• Directions for this task: Starting at the line that contains "Pokemon Bingo Card" and stopping at the line that contains "Silla de comedor", restate each line of the records below exactly. Omit the pictures.

• Material shown:
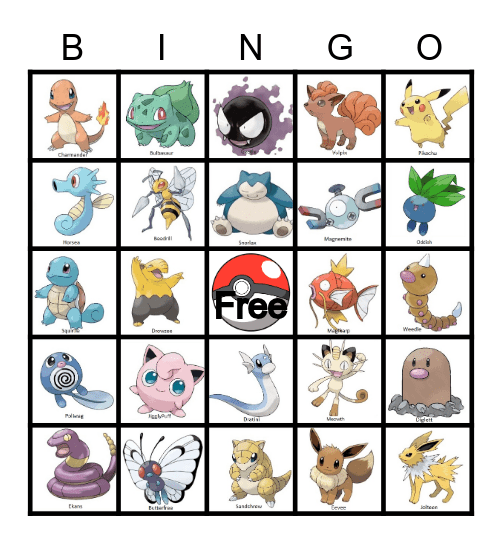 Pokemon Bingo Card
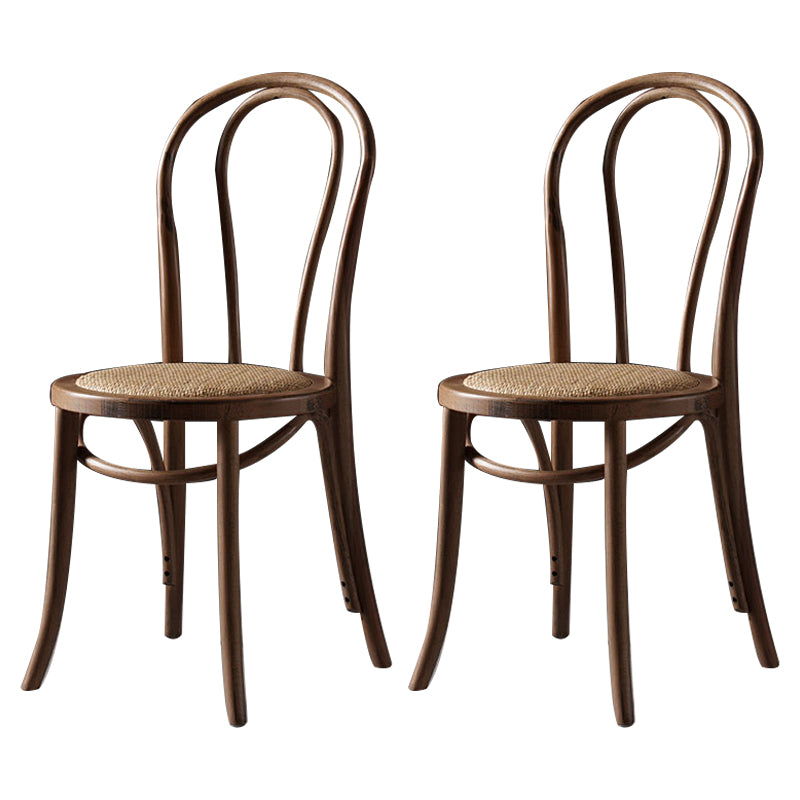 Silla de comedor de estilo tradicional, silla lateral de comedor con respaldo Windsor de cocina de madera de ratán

==

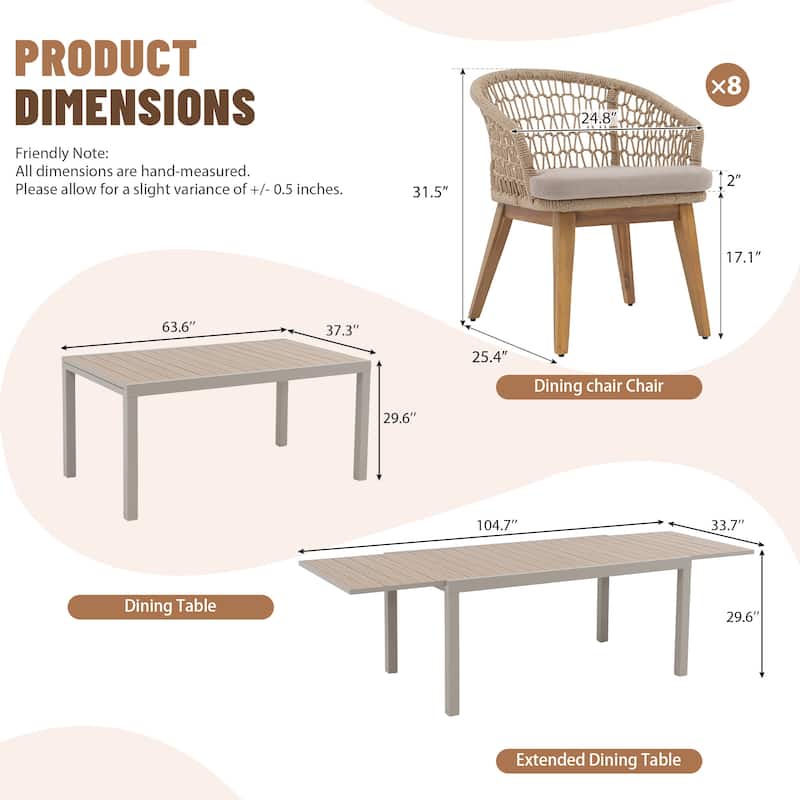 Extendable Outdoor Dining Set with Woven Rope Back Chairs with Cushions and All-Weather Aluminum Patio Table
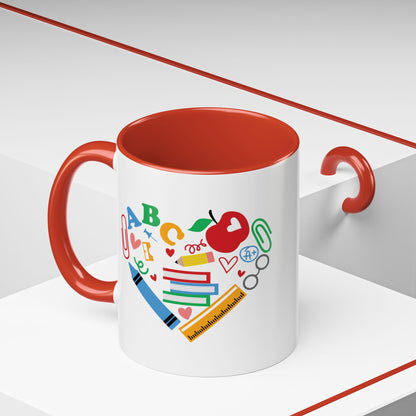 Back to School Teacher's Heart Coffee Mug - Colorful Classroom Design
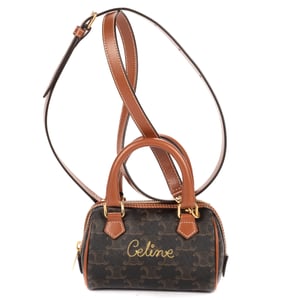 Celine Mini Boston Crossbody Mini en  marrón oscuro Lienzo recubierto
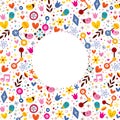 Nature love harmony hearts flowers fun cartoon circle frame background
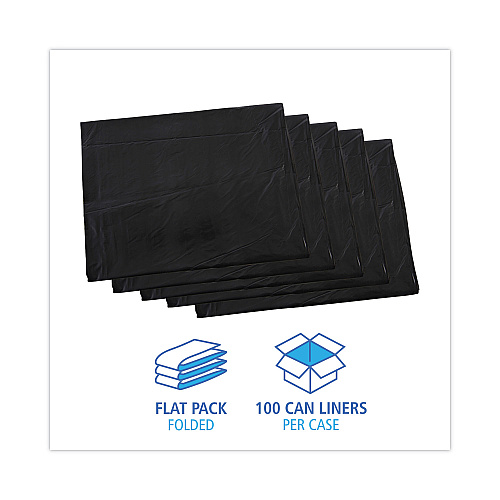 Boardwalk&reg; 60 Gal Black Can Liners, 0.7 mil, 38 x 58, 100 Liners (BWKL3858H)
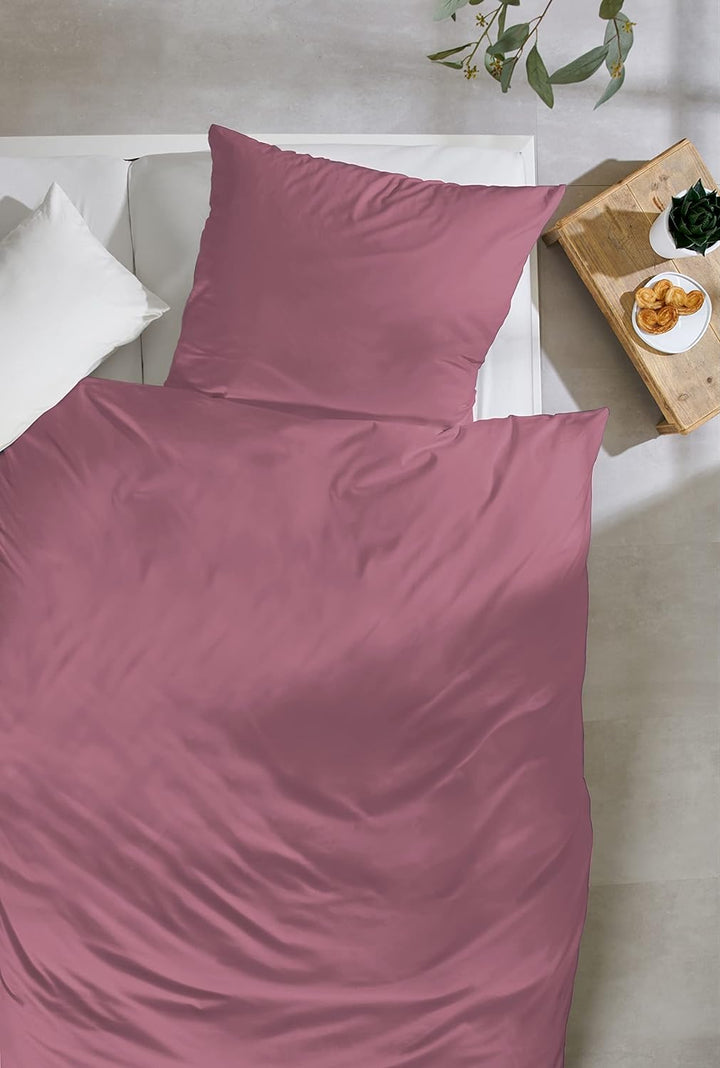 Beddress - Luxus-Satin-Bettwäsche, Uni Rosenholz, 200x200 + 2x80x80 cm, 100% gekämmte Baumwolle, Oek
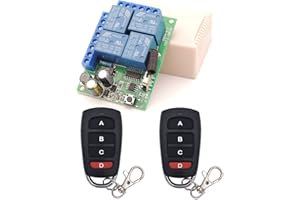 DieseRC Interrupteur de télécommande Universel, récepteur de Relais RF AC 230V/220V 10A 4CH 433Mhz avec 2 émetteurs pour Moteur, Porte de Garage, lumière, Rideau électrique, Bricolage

• Answer space:
 Pokemon Bingo Card
 Silla de comedor de estilo tradicional, silla lateral de comedor con respaldo Windsor de cocina de madera de ratán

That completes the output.